In your own words, give two events from daily life you believe are independent and two you believe are dependent. For each pair, state the independence test you would run if you had the numbers.
Using Maya’s world, you found \(P(O \mid R) = 0.60\) and \(P(O) = 0.81\). Compute \(P(O \mid R^c)\) and confirm it also differs from \(0.81\). Does the fact that both conditionals differ from the marginal make sense? Why must they pull in opposite directions?
Two events satisfy \(P(A) = 0.4\), \(P(B) = 0.5\), and \(P(A \cap B) = 0.2\). Are they independent? Are they mutually exclusive? Justify each answer with the relevant equation.
Explain, in two or three sentences, why two positive-probability events cannot be both mutually exclusive and independent at once.
Roll two fair dice. Decide whether “first die is even” and “second die is even” are independent, then whether “first die is even” and “the sum is even” are independent. Check each against the 36-outcome sample space.

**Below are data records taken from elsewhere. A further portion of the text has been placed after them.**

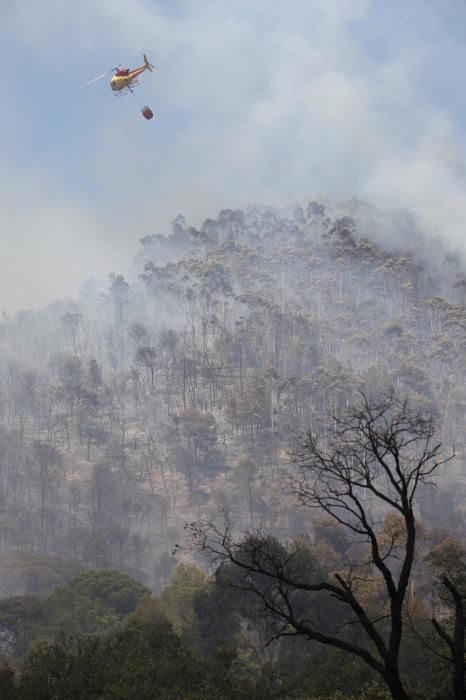 Incendi forestal a Blanes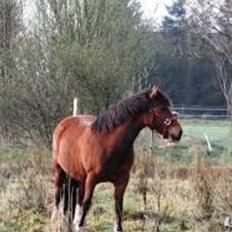 Welsh Pony af Cob-type (sec C) Miss Anton. ( Himmel hest )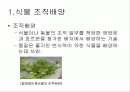 식물 생명공학 2페이지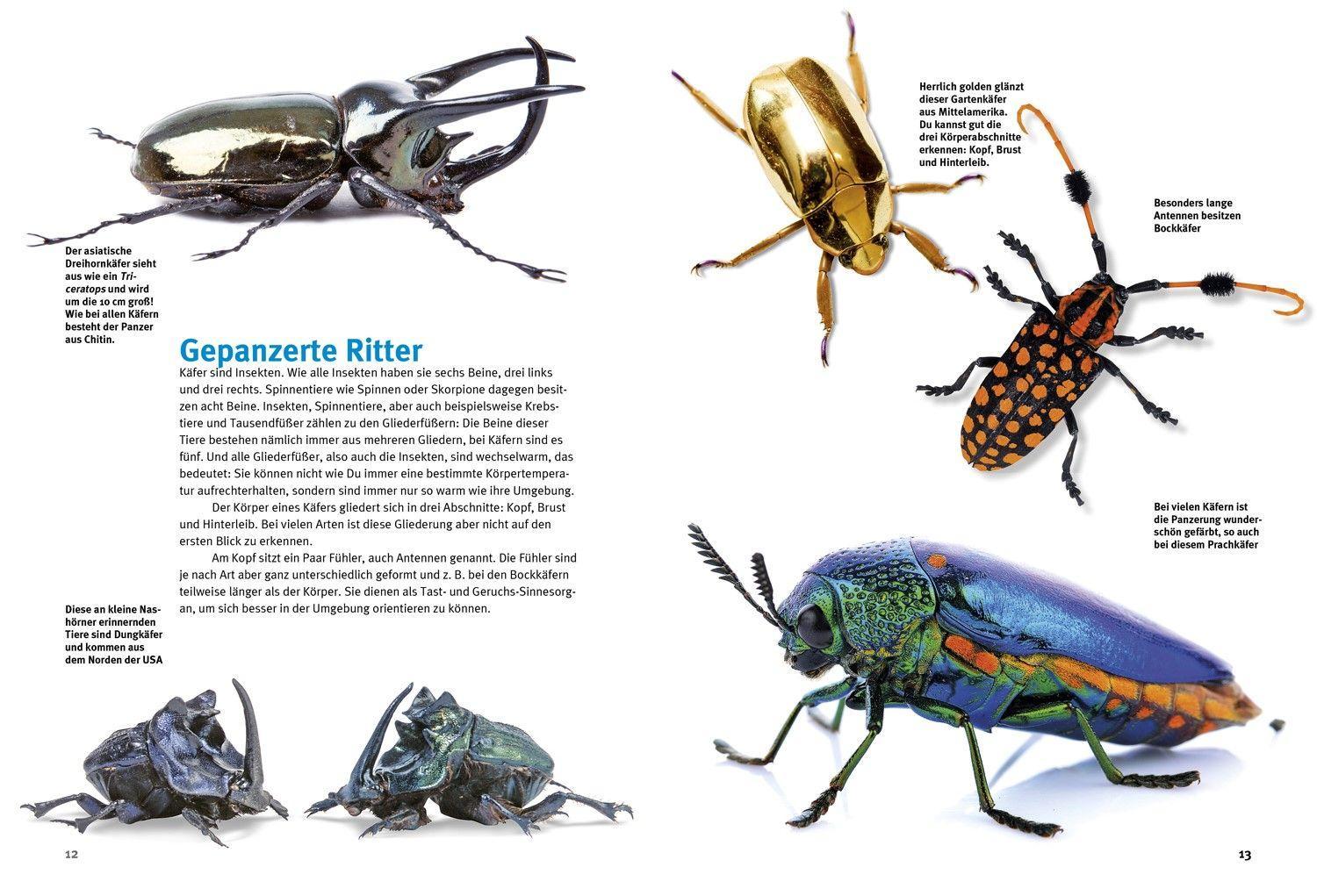 Beispielinhalt (Bild) Entdecke die Käfer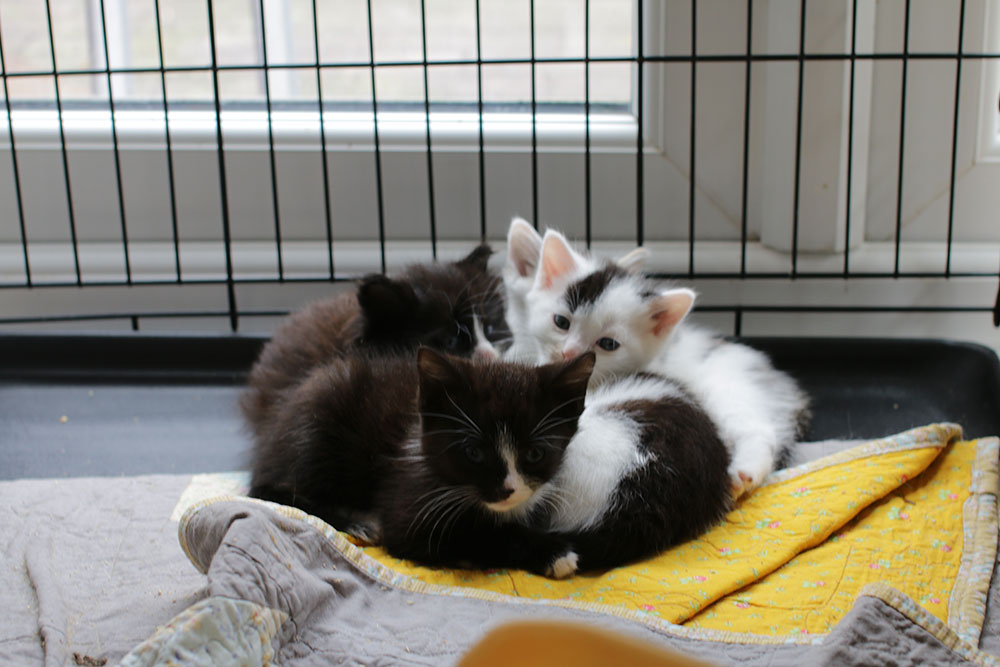 A kitten puddle, 4 tiny floofs squished together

Reading and source pointer

This week tracks Grinstead & Snell, Chapter 4 (Conditional Probability), where independence is introduced as a consequence of conditioning, and is reinforced by the independence-versus- mutual-exclusivity discussion in the MIT OCW 18.05 unit on conditional probability, independence, and Bayes’ theorem. These notes are the course’s own synthesis, grounded in but not copied from the sources. All example data are synthetic with seeds set where simulation appears.

Public vs. graded

These notes, the examples, and the practice here are public and ungraded — study material only. No graded prompts, answer keys, rubrics, point values, or due dates appear on this site. Graded checkpoints, quizzes, homework, labs, the midterm, the project, and the final live in Blackboard (the LMS), which is authoritative for due dates, submissions, and grades. If this page and Blackboard ever disagree, follow Blackboard.

Looking ahead

Independence is the no-information case — conditioning that changes nothing. Next week we turn to the opposite, most consequential case: conditioning that changes a belief a lot, and how to run that update backward. Week 5 — Bayes’ rule & updating takes the same machinery and uses it to ask, given that the shuttle was late, how likely was it that it had rained? That reversal — from \(P(\text{late} \mid \text{rain})\) to \(P(\text{rain} \mid \text{late})\) — is the engine of Bayesian reasoning, and independence is exactly the special case it gracefully reduces to when the evidence carries no information.